Costs at first instance must be assessed as if the result before the primary judge had been as this Court has found: Sze Tu v Lowe (No 2) [2015] NSWCA 91. I accept the appellants' submission that it is relevant for the Court to consider the amount sought and the amount recovered, and the disproportionality of the costs expended in the proceedings to the amount recovered. However, it is also relevant that the respondents succeeded on the factually intensive claim that underpinned the damages case, that they were misled into entering into the First Contract and the Second Contract and that but for the representations that were made in that respect they would not have entered into those contracts. Further, the manner in which the appellants have succeeded on appeal, in so far as the adoption of Scenario 3 is concerned, was not the focus of their submissions below, the gist of which was that the Court should place no weight on Mr Potter's opinions as expressed in his reports. I do not go so far as to accept the respondents' submission that on appeal the appellants departed from their submissions at first instance, noting that in oral closing submissions the appellant did contend that damages should be awarded in line with Scenario 3. However, the emphasis was different.
Again adopting a broad brush approach, given the outcome of the proceedings as varied by the appeal, I consider that the parties should bear their own costs at first instance.
[7]
Orders
I propose the following orders:
1. Set aside Order 4 made on 9 March 2022 in each of proceedings 2018/00245168; 2019/00376795, and otherwise make no order as to the costs of those proceedings.
2. The respondents pay 60% of the appellants' costs of the appeals.
3. The respondents pay the appellants' costs of the cross-appeals.
SIMPSON AJA: I agree with Mitchelmore JA.

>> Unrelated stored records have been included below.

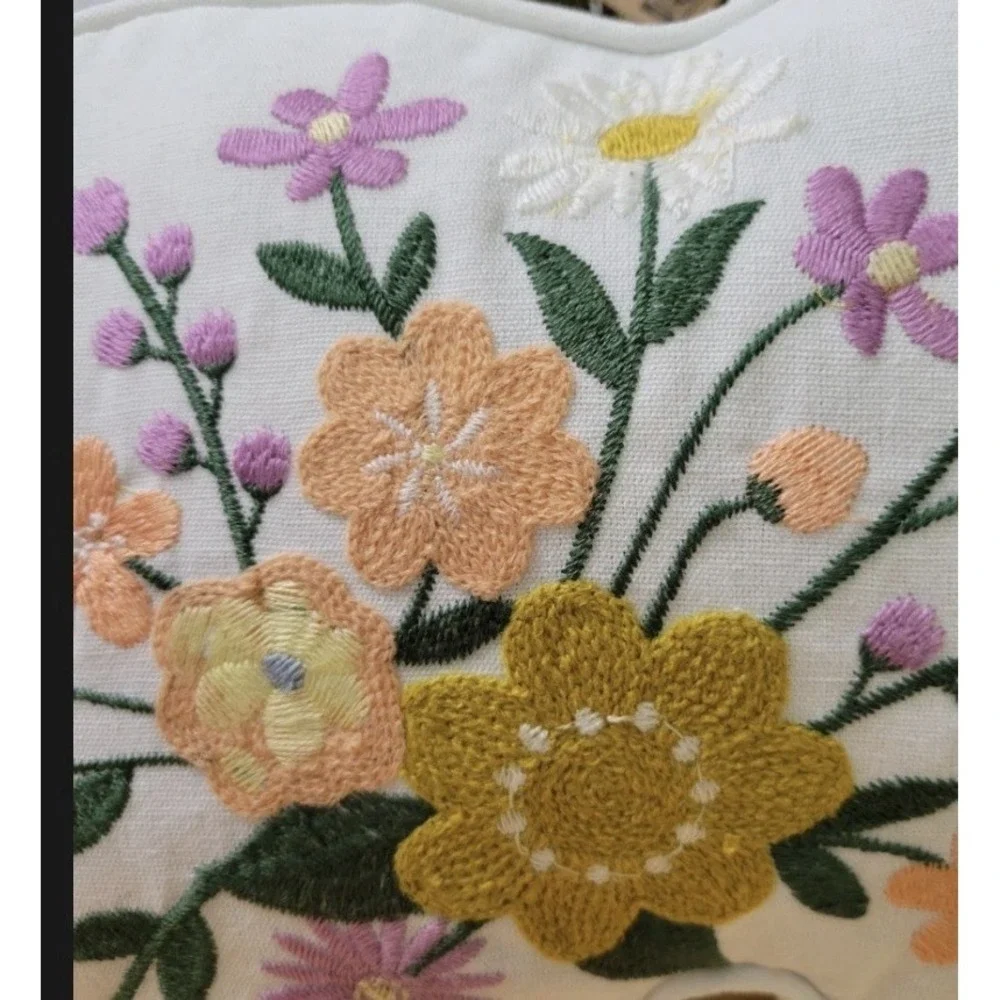 NWT Pastel Floral Embroidery‎ Pillow Bunny Shape, Garden Easter Decor
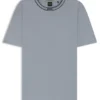 T-Shirt mit gestreiftem Kragen aus Baumwolljersey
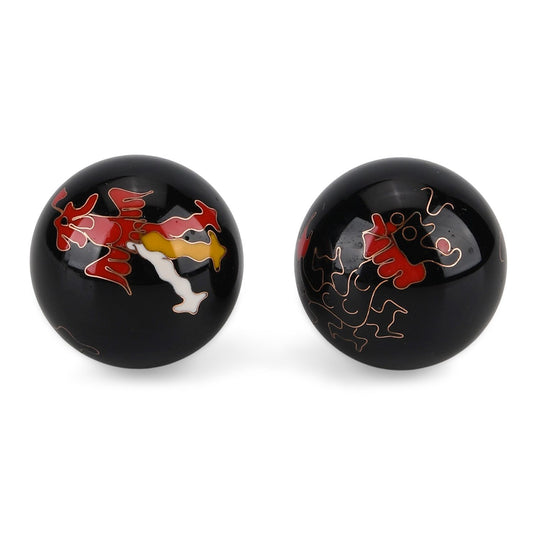 Cloisonne enamel fitness ball Dragon Size:3# 4.7cm Material:Iron Color: Black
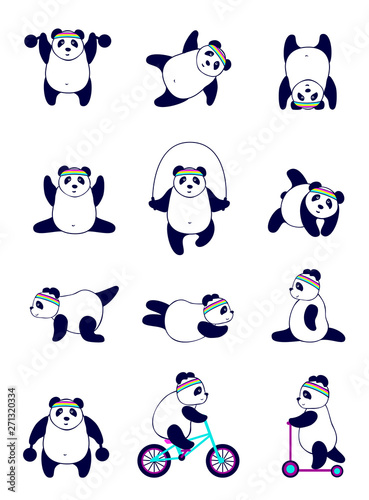 vector Panda sports set, cute bear in different poses isolated on white background, cartoon design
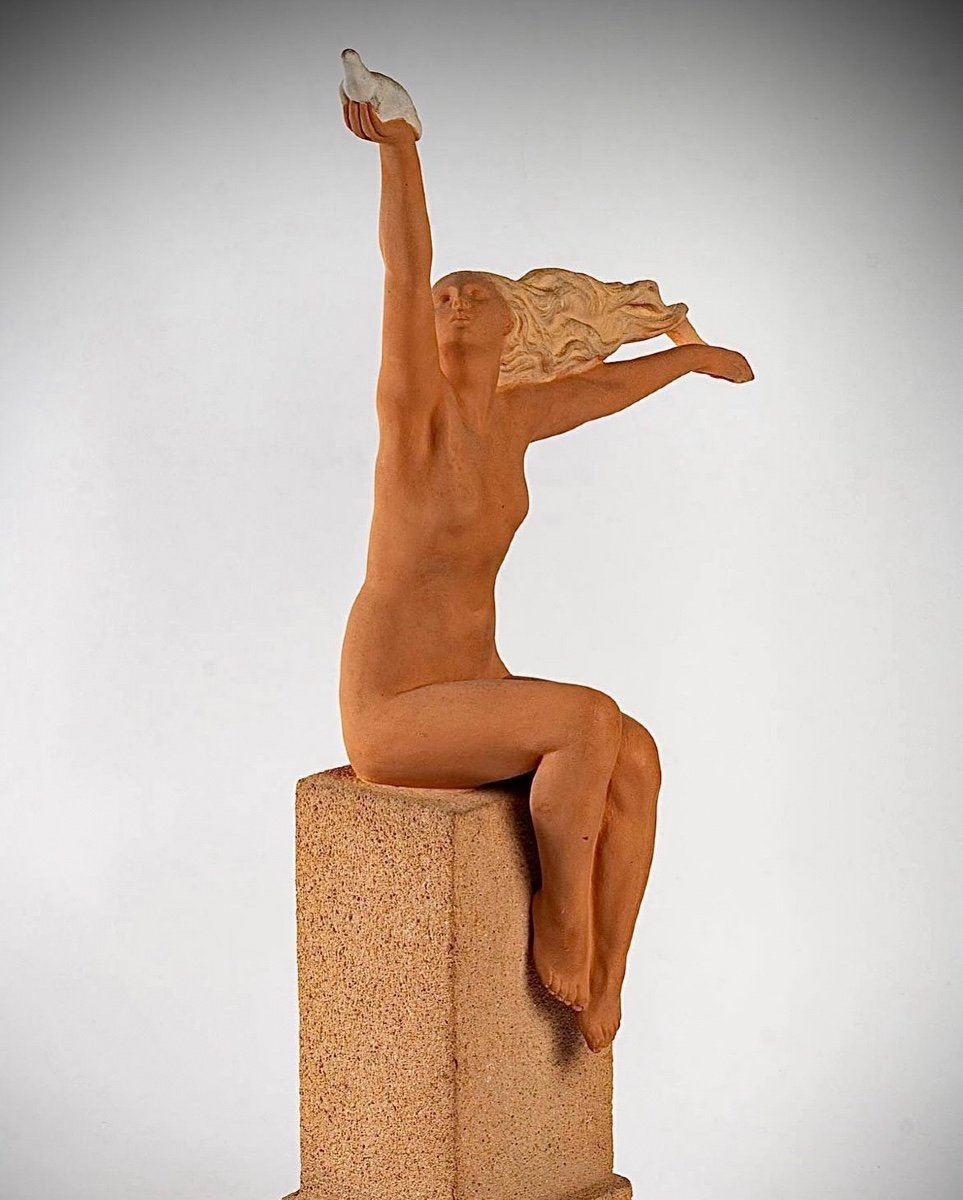 Amadeo  Gennarelli Terre Cuite "femme A La Colombe "-photo-3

BASTEN AJA: As explained by Mitchelmore JA, pursuant to leave granted in the primary judgment with respect to the appeals, the parties have sought widely different orders as to the costs of the proceedings in this Court and of the trial. It is convenient to deal first with the costs of the appeal.
[8]
Costs of appeal
The appellants were largely successful in their appeals, reducing two judgments against them for $1,025,000 and costs, to $27,000 each with no liability to pay costs. In broad terms, there are two issues to be resolved with respect to the costs of the appeal. One is whether it is appropriate to apportion costs between the issues on which the appellants were successful and those on which they were not. The second concerns the appellants' claims for indemnity costs based on offers of compromise made between the trial and the appeal. The first matter to be resolved is the order in which these issues should be addressed.

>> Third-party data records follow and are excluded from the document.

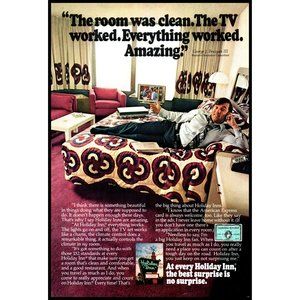 1976 Holiday Inn Hotel Business Travel Vintage Print Ad American Express Decor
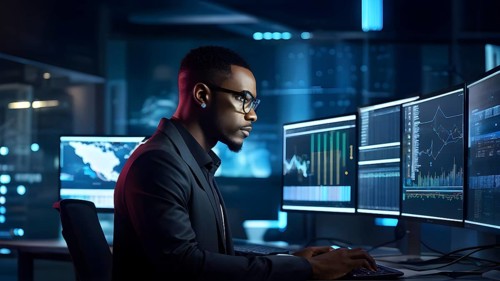 Black african american male it specialist engaged in analyzing data for cyber security, AI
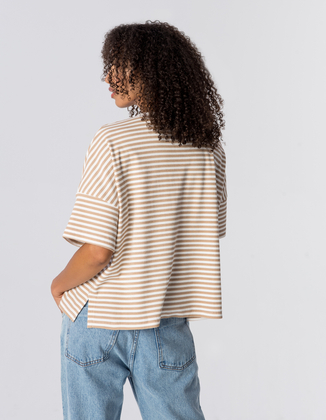 T-SHIRT ERIN WHITE/MOKKA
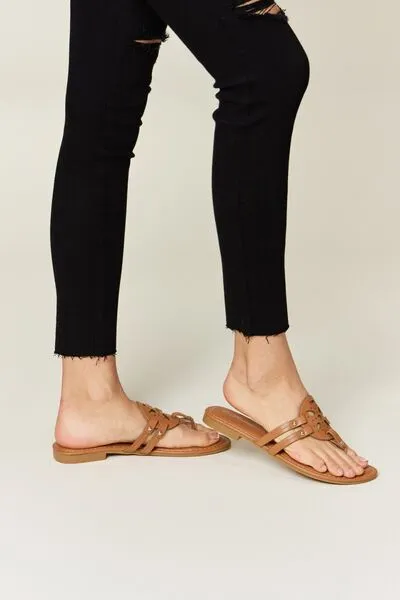 Faux Leather Open Toe Sandals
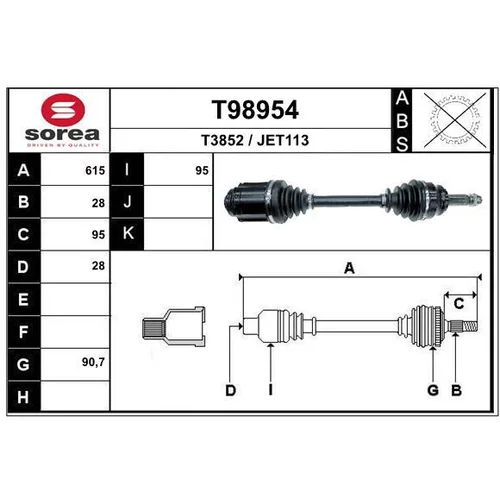 Hnací hriadeľ EAI T98954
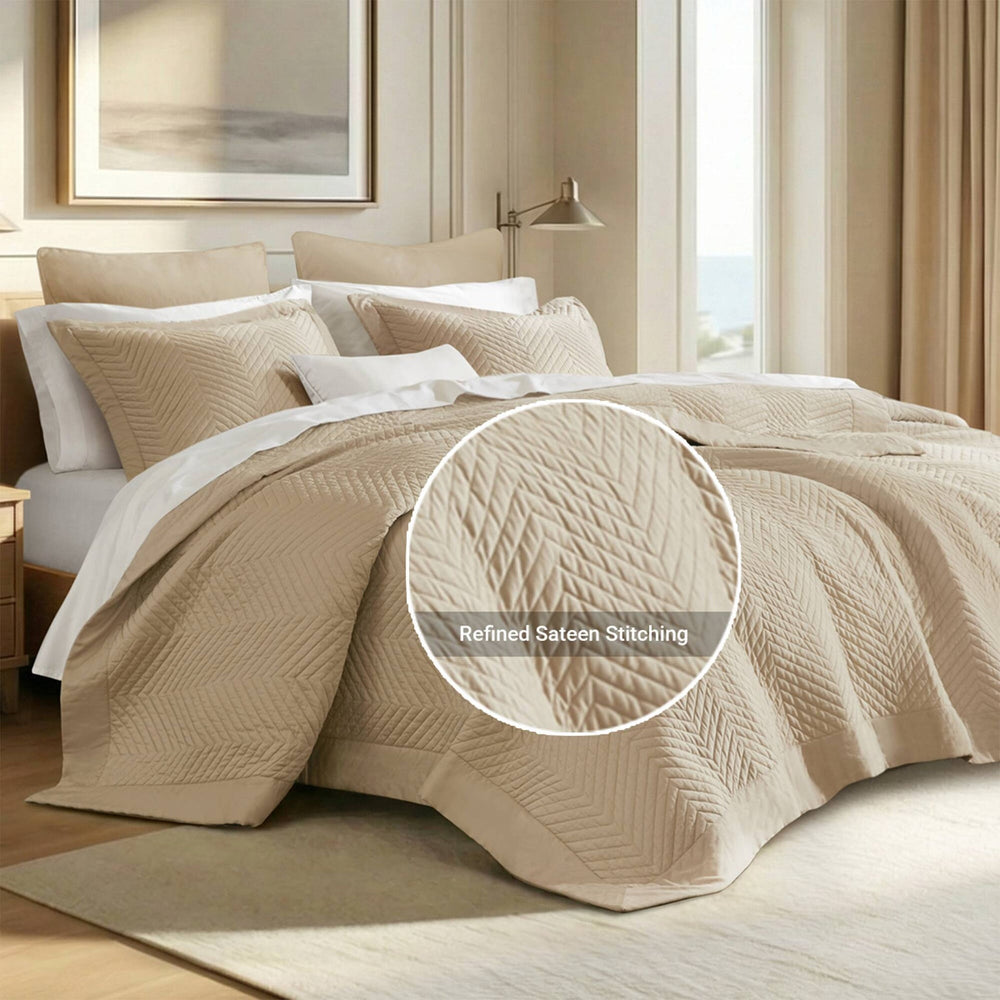 King 3 Piece Cotton Quilt Set Linen Media 11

The principles suggest that the correct order will generally be to consider the offers of compromise first. That is because, had the offers been accepted, the matter would not have proceeded to a hearing and judgment, with the result that no question of apportionment of costs according to degrees of success or failure would have arisen. That may be stated as a general proposition, allowing for the possibility that, for example, conduct by the successful party after its offer was refused may disentitle it to recovery of costs in full.
[9]
Offers of compromise
The appellants, through Mr Taylor, sought to engage with both Mr Stavretis and Mr Kestelman. The latter directed Mr Taylor to deal with Mr Stavretis. The offers occurred through an exchange of emails set out at [16]-[18] above. Although each clearly involved a "communication between parties in dispute" and involved "an attempt to negotiate a settlement of the dispute", they were not thereby inadmissible pursuant to s 131(1) of the Evidence Act 1995 (NSW). At least, that would be so, so long as "the communication … is relevant to determining liability for costs": s 131(2)(h). Understandably, there was no challenge to their admissibility: the relevance of offers of compromise to the exercise of the Court's broad discretion with respect to costs is reflected in, but not limited by, provisions of the Uniform Civil Procedure Rules 2005 (NSW) (UCPR). [1]

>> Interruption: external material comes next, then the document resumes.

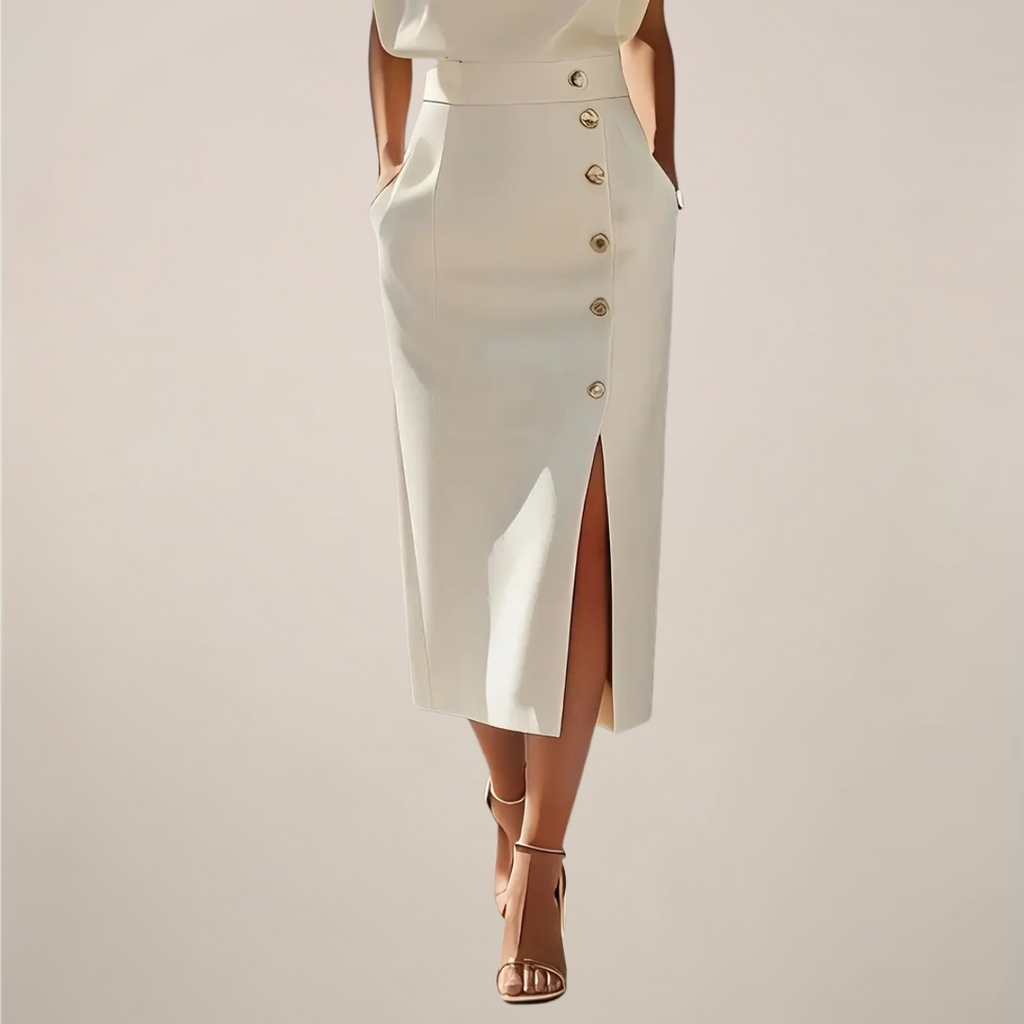 Emilia – Elegant Midi Dress with Button Detail and Side Slit - Image 6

With respect to the appellants' reliance on the offers, the respondents contended that it was "not apposite to any application for indemnity costs pursuant to r 42.15 of the UCPR, or otherwise". [2] The appellants did not rely upon the formal offer of compromise process under the UCPR. With respect to the "otherwise" reliance, the respondents submitted that (i) the offer did not constitute a "Calderbank letter" and therefore generated "no presumptive effect in relation to costs considerations; (ii) did not attract the level of consideration afforded to a Calderbank letter, in the exercise of the Court's discretion"; [3] (iii) the lack of formality gave rise to "cause for doubt as to whether the Offer was a genuine offer of compromise" and, in any event, (iv) the appellants "should have sufficiently foreshadowed its intended use to support a special costs order". Finally, the respondents submitted that if it were in a form eligible for consideration in support of a special costs order, the failure to accept it was not unreasonable in the circumstances, stating:
"16 Reasonableness did not require the respondents to abandon their defence of the appeal, given the matters of obvious commercial and financial importance that were at stake. That ought to be accepted as so, even though the 'Offer' indicated that the appellants were prepared to bear their own costs. The 'Offer' did not communicate the quantum of costs to the respondents and so the respondents were not placed in a position to reasonably consider the true value of that offer… ."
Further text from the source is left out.